The fires in the San Gabriel Mountains this week have been bigger than anyone I know in Los Angeles can ever remember, which is saying a lot, since one part of another of the city seems to catch fire at least once or twice a year. At night, the girls and I go out on the deck and look at the neon orange line framing the mountaintops in the distance. If you watch it long enough, you can see bright flareups that look so alarming from 20 miles away it's nearly impossible to imagine how apocalyptic they must be up close.

It feels strange, to put it mildly, to be gearing up for a book release--only 15 days away--and going through the manic motions of last-minute marketing and publicity while such a disaster is unfolding just across town. I remember two years ago, in October 2007, when power lines came down overnight in Malibu, sparking a fire that nearly burned Eden's elementary school, took dozens of houses in its race to the ocean, and had us evacuated for four nights. As I drove the girls and the cat and whatever we deemed irreplaceable that could fit in the car down the mountain, I was struck by how normal everything was once we reached the San Fernando Valley. It felt as if we'd been sprinting toward safety as we drove out of Topanga, only to reach Mulholland Highway and find no sign of abnormality at all. Until we turned around, and saw the enormous cloud of smoke rising from the mountains behind us.

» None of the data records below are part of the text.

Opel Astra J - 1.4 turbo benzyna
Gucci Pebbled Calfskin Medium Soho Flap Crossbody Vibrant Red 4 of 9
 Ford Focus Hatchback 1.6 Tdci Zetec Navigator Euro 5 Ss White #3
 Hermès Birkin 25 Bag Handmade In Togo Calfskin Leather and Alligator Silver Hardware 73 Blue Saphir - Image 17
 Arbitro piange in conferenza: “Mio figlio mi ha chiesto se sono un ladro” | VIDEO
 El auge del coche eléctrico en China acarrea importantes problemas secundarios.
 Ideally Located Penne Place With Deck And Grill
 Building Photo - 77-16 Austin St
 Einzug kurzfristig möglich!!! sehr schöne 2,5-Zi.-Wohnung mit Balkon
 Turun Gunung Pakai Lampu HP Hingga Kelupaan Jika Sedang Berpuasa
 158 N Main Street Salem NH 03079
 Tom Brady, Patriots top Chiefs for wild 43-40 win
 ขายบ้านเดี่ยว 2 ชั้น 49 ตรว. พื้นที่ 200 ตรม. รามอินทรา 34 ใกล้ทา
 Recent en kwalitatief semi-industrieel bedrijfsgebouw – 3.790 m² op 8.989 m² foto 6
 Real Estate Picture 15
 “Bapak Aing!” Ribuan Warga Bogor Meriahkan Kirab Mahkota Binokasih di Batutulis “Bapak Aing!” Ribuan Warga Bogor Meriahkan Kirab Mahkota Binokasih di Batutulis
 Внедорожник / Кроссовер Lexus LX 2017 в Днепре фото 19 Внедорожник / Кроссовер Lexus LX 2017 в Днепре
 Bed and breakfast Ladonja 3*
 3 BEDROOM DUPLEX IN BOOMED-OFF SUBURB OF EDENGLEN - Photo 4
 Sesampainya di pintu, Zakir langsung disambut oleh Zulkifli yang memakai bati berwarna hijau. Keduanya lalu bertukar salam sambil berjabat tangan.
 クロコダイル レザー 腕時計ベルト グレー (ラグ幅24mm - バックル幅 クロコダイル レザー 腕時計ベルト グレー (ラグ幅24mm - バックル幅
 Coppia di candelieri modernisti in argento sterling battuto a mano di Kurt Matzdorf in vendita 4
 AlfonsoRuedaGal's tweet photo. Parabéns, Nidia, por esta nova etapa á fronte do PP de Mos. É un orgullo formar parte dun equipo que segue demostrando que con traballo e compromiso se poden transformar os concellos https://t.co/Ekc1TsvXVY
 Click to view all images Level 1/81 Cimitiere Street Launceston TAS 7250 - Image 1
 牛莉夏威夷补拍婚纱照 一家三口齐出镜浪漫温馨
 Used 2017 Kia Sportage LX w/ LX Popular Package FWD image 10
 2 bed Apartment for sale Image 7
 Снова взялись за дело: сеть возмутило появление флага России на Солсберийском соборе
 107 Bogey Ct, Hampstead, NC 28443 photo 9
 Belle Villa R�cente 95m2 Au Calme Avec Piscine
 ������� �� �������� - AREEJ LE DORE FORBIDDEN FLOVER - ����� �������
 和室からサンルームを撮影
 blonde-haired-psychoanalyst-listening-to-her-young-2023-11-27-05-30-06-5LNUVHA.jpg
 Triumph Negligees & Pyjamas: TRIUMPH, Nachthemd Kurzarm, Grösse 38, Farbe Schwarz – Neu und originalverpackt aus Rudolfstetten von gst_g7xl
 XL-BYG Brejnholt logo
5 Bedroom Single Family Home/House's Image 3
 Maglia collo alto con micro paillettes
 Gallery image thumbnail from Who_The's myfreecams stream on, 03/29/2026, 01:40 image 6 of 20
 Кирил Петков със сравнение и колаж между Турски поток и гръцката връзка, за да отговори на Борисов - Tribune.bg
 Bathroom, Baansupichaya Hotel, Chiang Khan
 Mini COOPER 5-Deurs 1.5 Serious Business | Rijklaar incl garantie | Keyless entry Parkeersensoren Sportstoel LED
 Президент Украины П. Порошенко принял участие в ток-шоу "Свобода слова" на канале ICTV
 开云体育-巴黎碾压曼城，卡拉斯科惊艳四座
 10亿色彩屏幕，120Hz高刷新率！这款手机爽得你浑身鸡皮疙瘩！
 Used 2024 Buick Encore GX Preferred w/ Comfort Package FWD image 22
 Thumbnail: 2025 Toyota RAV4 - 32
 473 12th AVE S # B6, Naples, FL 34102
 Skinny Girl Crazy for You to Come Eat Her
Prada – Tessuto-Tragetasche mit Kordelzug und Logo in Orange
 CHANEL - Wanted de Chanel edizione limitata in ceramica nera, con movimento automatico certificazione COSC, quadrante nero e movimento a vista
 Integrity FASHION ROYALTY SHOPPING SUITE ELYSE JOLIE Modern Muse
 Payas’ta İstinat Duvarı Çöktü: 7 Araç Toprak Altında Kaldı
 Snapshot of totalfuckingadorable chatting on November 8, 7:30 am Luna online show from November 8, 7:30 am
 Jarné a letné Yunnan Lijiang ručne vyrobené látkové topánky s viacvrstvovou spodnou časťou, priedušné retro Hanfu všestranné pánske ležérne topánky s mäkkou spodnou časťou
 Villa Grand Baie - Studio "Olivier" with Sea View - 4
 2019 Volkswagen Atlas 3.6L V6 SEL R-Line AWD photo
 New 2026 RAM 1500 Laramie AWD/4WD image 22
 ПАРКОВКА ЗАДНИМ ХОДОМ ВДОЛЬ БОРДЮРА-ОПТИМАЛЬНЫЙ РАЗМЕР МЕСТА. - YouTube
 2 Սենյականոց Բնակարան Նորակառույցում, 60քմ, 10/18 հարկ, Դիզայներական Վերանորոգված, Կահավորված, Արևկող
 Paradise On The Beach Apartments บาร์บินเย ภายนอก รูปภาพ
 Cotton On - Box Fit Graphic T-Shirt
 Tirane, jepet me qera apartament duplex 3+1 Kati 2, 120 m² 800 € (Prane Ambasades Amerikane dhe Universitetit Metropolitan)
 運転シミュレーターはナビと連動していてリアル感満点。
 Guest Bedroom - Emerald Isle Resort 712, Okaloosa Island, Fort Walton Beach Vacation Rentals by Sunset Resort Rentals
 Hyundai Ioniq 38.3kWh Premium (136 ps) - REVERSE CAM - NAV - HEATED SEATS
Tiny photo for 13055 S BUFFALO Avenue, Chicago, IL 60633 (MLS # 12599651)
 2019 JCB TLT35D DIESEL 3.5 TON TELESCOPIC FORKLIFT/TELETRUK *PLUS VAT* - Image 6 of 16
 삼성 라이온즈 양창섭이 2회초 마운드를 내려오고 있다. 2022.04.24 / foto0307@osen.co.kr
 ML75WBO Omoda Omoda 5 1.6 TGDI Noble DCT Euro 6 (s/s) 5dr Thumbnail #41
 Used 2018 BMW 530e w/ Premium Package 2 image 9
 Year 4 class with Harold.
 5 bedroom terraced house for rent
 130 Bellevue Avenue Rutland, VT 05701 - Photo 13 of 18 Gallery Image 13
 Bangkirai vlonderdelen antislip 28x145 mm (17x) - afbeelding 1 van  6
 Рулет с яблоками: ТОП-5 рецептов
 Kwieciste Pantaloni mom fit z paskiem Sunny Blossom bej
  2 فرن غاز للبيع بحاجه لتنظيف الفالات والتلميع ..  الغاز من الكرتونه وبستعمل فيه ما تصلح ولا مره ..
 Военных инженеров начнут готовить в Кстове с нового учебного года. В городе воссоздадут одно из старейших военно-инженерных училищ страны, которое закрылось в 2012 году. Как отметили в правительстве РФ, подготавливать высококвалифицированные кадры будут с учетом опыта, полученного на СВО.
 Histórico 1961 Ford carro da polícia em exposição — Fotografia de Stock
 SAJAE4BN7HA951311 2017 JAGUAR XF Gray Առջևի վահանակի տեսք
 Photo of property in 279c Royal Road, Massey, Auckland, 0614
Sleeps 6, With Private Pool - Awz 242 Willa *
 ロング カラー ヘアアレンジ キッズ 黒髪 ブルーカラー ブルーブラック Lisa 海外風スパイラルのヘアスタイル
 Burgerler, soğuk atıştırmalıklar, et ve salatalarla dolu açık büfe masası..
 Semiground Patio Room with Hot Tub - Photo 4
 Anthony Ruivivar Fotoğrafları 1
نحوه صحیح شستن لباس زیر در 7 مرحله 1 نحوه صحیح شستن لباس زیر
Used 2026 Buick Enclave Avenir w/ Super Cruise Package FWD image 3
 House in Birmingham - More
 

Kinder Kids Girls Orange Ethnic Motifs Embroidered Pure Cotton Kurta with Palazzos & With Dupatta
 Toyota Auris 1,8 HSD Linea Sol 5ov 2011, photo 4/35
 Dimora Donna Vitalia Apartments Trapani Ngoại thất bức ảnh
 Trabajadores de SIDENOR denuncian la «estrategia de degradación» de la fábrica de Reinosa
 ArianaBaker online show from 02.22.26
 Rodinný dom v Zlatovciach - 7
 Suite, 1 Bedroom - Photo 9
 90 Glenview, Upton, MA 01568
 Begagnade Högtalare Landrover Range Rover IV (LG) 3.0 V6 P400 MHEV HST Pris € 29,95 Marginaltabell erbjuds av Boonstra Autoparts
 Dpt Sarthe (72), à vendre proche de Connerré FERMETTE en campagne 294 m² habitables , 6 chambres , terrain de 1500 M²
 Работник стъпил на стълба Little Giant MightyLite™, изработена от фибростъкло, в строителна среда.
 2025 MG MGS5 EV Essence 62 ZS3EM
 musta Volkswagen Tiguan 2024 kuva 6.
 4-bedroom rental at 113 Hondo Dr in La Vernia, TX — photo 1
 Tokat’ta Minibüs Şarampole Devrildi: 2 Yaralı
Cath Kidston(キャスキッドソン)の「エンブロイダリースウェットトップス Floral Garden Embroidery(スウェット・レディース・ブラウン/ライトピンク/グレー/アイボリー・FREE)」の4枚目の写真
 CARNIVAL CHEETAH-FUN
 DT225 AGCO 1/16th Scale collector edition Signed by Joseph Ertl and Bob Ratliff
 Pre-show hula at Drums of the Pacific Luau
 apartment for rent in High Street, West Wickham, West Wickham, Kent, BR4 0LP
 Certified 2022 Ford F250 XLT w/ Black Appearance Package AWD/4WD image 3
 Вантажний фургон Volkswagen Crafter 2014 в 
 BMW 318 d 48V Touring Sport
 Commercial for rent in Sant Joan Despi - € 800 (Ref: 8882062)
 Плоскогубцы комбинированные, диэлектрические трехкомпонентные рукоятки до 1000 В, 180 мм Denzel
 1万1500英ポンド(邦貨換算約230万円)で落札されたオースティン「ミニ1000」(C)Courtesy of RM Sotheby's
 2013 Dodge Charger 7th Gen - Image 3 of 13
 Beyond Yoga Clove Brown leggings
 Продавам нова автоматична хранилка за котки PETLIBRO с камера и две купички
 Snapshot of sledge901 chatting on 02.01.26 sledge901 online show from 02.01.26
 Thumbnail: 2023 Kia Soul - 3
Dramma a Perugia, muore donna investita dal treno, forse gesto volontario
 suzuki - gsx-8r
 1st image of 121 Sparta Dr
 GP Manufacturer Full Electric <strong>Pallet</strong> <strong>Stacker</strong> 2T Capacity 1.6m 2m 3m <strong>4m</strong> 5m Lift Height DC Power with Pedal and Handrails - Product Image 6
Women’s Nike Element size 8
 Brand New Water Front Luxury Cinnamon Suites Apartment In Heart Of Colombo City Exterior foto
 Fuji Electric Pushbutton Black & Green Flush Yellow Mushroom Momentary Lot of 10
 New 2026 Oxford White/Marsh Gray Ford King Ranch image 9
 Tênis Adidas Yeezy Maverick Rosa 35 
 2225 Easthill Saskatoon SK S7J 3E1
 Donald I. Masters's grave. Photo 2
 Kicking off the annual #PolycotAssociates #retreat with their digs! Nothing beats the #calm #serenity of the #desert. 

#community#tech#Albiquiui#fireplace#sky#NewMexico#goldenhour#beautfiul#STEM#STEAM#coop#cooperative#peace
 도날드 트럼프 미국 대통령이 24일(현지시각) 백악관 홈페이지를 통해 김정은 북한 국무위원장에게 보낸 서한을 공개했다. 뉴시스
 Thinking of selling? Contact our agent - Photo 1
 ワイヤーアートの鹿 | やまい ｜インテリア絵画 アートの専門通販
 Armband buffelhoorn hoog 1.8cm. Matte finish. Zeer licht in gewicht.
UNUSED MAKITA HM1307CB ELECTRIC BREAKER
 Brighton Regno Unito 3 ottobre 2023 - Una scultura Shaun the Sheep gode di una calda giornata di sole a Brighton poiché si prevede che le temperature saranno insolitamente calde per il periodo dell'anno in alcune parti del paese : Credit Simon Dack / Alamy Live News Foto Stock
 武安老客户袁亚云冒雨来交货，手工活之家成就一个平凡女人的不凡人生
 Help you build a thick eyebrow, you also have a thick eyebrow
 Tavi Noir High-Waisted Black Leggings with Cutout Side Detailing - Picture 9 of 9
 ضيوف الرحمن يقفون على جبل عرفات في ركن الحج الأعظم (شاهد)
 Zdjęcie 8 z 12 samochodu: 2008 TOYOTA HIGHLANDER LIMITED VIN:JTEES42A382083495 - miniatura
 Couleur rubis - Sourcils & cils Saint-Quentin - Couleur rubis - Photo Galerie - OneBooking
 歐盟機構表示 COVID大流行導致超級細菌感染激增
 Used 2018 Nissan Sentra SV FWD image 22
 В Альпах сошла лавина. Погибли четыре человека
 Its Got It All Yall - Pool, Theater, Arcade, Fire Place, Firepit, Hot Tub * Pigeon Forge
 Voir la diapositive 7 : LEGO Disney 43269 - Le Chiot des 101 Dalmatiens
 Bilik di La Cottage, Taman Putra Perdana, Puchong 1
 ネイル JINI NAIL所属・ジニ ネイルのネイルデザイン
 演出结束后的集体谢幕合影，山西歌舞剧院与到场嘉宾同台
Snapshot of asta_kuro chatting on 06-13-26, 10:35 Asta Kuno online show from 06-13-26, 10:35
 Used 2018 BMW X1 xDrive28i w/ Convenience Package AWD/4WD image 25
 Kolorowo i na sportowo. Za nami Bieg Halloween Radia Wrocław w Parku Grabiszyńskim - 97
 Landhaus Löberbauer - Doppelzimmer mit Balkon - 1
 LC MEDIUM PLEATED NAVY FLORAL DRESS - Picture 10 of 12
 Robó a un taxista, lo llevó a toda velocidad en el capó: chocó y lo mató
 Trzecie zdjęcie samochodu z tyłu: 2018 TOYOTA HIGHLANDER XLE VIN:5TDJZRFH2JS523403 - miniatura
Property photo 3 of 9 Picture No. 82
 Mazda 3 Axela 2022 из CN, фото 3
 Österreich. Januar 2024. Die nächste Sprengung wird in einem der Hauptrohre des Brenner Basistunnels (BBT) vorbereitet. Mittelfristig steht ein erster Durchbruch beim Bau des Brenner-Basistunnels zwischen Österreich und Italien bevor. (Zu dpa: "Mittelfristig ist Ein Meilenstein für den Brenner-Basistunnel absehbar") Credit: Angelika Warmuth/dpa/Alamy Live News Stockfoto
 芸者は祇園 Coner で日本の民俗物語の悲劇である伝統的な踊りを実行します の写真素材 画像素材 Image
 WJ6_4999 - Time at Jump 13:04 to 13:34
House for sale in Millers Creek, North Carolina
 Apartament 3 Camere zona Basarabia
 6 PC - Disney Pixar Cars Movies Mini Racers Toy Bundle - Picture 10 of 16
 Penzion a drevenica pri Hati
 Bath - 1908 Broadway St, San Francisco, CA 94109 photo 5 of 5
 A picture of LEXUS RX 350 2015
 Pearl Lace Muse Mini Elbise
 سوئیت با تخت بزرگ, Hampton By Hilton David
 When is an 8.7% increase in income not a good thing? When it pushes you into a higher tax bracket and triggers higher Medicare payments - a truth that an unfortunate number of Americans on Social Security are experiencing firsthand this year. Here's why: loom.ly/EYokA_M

That's just one of the surreal elements of a wildfire, how localized it can be. And so while residents of Glendale and La Canada and Acton pack up and drive away with their children and pets, not knowing if they'll have a house to return to, at least this time over in Topanga Canyon it's business as usual. Optimizing the web site. Planning the book tour. Designing promotional postcards to mail out. Writing this week's blog entry for And hoping that one more story about a family's search for safety and security will be of interest to others.